Self-Attention from Scratch in R
EDIT 2022-06-24: this code is now available (with helper functions) in the R
package attention, which is on CRAN. You can install it simply using:
install.packages('attention')
See also my blog post attention on CRAN. The development takes place on GitHub.
This post describes how to implement the attention mechanism - which forms the basis of transformers - in the R language.
The code is translated from the Python original by Stefania Cristina (University of Malta) in her post The Attention Mechanism from Scratch
We begin by generating encoder representations of four different words.
# encoder representations of four different words
word_1 = matrix(c(1,0,0), nrow=1)
word_2 = matrix(c(0,1,0), nrow=1)
word_3 = matrix(c(1,1,0), nrow=1)
word_4 = matrix(c(0,0,1), nrow=1)
Next, we stack the word embeddings into a single array (in this case a matrix).

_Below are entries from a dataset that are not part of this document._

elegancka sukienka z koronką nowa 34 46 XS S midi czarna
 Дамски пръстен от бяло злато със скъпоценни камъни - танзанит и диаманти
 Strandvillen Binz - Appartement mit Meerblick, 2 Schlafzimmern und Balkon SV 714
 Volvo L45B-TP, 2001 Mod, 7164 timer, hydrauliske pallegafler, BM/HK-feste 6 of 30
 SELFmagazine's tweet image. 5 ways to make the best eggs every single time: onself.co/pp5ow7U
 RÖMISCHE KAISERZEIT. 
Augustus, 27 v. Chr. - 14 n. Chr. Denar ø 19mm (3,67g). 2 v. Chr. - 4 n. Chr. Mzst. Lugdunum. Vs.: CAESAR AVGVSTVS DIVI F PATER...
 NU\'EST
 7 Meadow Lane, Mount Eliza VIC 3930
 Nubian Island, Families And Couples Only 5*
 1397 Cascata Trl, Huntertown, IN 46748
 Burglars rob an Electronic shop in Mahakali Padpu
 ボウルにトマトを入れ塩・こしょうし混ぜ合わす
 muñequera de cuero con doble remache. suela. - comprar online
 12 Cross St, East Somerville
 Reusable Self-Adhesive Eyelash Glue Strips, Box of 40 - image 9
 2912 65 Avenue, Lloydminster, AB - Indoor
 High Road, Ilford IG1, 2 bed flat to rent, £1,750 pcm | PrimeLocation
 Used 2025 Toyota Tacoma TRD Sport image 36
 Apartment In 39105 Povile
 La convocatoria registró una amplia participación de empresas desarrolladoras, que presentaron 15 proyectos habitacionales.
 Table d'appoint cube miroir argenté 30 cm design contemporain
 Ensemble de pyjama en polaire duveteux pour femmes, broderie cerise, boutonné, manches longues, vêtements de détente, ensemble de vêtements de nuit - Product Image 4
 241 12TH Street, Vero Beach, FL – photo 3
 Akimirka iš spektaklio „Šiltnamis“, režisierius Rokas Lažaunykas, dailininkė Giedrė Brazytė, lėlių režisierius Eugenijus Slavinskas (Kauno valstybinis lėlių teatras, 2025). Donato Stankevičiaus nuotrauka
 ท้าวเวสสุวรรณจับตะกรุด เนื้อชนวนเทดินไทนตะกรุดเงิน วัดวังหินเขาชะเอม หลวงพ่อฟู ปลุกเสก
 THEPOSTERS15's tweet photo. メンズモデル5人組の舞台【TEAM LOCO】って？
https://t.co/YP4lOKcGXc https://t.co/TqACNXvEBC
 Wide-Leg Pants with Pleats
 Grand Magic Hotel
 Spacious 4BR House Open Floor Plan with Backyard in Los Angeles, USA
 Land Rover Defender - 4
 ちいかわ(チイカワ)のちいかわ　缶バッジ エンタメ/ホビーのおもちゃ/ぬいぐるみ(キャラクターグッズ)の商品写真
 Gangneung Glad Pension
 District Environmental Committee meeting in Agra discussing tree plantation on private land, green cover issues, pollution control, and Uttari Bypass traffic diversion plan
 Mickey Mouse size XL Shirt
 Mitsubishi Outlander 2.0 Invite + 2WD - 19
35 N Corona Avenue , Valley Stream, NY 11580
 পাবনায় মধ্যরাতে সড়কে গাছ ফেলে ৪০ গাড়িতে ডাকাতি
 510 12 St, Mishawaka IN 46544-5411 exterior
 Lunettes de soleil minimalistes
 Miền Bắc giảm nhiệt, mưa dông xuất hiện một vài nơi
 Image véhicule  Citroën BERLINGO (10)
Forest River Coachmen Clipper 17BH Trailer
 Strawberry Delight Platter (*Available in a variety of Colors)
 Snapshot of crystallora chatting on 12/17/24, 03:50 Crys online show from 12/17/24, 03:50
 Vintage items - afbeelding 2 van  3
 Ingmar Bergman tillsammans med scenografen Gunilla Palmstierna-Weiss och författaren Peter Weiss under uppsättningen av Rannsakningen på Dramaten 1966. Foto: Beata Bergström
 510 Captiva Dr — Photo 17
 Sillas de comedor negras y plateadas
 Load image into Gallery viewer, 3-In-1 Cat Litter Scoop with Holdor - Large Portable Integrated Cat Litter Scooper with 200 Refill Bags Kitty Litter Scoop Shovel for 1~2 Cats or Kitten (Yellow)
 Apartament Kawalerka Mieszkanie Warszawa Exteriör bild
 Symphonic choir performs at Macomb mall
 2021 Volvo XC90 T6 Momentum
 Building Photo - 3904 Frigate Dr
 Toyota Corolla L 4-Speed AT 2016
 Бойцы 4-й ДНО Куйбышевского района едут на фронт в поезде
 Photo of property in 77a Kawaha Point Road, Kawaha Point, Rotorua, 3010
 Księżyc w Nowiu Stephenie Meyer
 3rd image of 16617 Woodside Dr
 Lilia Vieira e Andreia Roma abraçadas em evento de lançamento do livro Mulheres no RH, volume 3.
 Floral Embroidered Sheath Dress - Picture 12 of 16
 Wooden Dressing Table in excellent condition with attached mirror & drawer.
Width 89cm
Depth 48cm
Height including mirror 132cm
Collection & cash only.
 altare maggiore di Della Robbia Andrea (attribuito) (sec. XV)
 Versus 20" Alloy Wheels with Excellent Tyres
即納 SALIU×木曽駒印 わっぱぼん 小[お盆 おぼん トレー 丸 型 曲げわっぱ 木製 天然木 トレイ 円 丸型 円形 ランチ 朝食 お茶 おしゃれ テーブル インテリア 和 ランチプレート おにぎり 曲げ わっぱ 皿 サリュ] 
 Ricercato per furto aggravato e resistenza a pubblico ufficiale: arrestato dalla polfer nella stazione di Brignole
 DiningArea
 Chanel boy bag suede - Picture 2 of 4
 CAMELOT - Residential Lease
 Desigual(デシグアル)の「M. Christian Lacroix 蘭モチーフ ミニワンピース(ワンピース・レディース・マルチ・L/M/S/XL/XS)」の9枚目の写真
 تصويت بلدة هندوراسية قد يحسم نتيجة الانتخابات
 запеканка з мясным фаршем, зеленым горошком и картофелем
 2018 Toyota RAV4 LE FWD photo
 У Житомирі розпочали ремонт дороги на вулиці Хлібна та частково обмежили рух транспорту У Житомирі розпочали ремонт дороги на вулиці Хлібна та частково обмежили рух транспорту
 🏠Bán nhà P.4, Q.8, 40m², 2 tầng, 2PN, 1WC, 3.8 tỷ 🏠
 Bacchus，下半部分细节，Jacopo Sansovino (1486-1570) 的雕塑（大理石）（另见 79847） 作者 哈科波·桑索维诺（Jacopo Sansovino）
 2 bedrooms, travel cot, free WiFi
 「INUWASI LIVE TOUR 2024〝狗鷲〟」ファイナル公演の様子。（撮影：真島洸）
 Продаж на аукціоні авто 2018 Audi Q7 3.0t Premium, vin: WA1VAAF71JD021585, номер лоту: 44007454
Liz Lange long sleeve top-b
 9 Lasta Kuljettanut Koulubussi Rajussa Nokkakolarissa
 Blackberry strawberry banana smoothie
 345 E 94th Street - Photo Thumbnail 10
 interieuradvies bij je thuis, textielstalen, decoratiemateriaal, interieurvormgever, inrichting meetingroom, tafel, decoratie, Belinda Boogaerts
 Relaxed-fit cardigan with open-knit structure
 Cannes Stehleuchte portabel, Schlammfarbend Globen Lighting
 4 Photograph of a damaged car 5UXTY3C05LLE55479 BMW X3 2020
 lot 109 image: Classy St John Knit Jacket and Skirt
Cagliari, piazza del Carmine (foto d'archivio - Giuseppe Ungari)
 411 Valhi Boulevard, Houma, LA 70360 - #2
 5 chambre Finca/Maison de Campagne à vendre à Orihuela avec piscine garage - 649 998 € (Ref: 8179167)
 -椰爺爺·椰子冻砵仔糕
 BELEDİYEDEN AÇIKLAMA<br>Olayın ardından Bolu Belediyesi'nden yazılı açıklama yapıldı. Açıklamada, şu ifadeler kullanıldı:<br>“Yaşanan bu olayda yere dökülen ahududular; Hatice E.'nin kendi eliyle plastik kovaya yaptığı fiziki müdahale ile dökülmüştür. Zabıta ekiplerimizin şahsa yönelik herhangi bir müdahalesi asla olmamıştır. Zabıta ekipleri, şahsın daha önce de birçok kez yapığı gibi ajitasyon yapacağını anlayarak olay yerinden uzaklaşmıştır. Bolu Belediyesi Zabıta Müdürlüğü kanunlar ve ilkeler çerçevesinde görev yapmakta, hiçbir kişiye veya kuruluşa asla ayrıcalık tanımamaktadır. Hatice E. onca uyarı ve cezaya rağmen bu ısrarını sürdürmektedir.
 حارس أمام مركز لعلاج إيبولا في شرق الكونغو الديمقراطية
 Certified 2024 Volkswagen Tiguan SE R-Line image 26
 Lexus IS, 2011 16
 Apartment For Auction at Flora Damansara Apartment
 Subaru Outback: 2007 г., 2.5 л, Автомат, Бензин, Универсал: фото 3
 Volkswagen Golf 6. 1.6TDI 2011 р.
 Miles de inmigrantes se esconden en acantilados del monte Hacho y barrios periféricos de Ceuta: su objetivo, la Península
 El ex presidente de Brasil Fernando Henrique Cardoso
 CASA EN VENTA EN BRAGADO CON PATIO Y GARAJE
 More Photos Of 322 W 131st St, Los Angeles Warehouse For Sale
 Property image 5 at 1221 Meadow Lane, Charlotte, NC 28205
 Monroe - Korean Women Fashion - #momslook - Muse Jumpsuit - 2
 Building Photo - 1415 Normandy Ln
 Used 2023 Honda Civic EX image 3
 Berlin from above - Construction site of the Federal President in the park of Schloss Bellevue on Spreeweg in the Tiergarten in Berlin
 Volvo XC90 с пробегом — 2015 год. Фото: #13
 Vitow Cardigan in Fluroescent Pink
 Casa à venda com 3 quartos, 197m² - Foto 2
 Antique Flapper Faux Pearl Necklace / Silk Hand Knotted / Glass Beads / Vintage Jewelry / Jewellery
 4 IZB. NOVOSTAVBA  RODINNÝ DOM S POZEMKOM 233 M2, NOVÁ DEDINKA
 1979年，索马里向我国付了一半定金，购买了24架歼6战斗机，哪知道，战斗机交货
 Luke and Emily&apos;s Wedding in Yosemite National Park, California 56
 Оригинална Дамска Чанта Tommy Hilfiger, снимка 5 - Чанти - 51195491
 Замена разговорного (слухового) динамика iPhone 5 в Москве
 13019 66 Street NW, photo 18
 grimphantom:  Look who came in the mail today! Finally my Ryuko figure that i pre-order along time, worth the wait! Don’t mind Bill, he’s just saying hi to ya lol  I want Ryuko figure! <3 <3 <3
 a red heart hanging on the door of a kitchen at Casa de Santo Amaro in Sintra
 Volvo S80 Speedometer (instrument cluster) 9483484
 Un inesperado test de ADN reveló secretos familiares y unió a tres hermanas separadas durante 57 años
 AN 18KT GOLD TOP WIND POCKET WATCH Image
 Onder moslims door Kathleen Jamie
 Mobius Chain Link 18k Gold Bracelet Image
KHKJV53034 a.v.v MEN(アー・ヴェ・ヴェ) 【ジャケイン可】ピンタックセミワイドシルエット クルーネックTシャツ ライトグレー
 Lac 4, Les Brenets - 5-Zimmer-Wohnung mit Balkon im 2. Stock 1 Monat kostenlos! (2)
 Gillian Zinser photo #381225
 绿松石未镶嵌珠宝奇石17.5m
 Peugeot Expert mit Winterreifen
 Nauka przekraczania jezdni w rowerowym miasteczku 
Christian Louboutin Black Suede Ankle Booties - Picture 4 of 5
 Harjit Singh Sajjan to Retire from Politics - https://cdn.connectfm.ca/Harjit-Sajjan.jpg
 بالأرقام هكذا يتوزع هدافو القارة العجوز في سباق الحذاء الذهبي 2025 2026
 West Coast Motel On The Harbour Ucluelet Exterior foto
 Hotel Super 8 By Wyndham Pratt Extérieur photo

# stacking the word embeddings into a single array
words = rbind(word_1,
word_2,
word_3,
word_4)
Next, we generate random integers on the domain [0,3]
.
# generating the weight matrices
set.seed(0)
W_Q = matrix(floor(runif(9, min=0, max=3)),nrow=3,ncol=3)
W_K = matrix(floor(runif(9, min=0, max=3)),nrow=3,ncol=3)
W_V = matrix(floor(runif(9, min=0, max=3)),nrow=3,ncol=3)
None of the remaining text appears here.